First, selling mortgage books in current market conditions will not be easy. Sandler should make sure he holds out for full value.
Second, the easiest assets to sell will the best. Which also applies to the NR mortgagees who will be persuaded to remortgage elsewhere. In three years time, taxpayers could find themselves left with the problematic rump.
Third, it's not at all clear how he proposes to unravel the offshore Granite funding vehicle (see previous blogs eg here).
Fourth, the NR statement talks of rebuilding its retail deposit base so it can reduce its reliance on fickle wholesale funding. Right now, with the Rock's market leading rates, that's probably going quite well. But that's because the HMG guarantee remains in place, which, as we've blogged many times, makes NR savings products highly attractive.
What happens when the government guarantee goes? Yes, most of the deposits are likely go too. Or to put it another way, taxpayers will have to go on guaranteeing NR's deposits into the forseeable future.
We are a very long way from being home and dry.

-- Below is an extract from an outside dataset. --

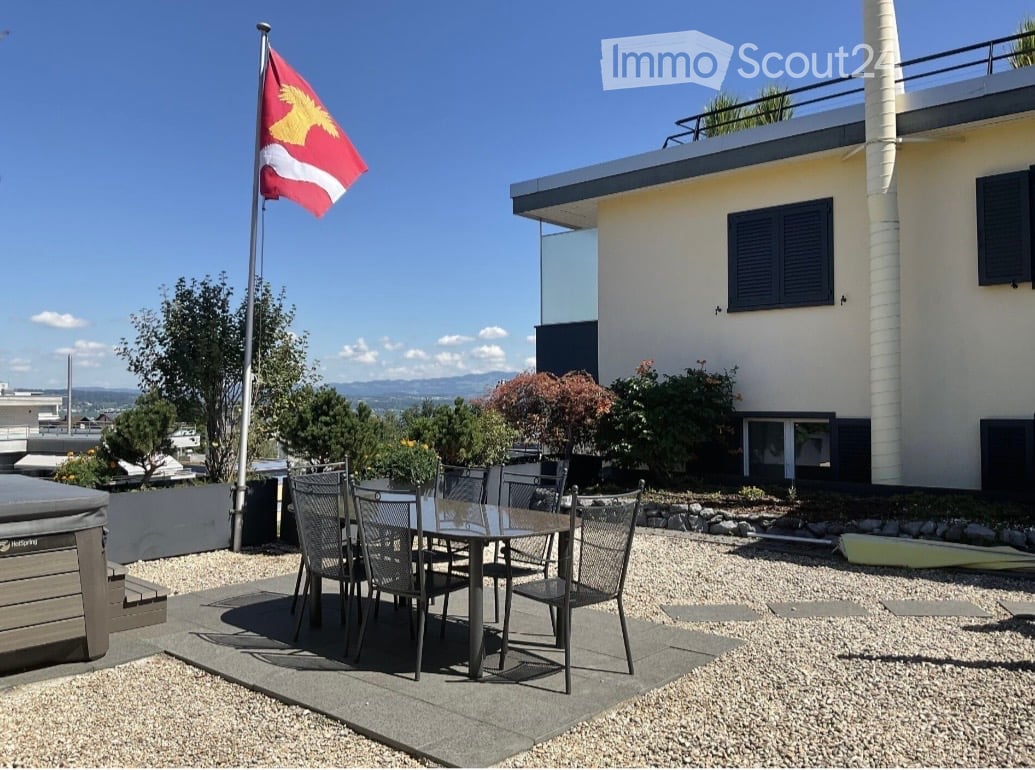 Outdoor patio area with a dining table and chairs, surrounded by gravel and small trees, with a modern house in the background and a flagpole with a flag.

PS We've reminded ourselves of some details from the US S&L crisis. There are some spooky similarities, including how, during the Go-Go 80s, the S&Ls diversified their funding sources from boring old retail savings accounts to wholesale funding via an array of intermediating sharks. Small town S&L managements were way out of their depth. Oh, and the subsequent bail out cost $160.1 billion, of which $124.6 billion was directly paid for the U.S. taxpayer.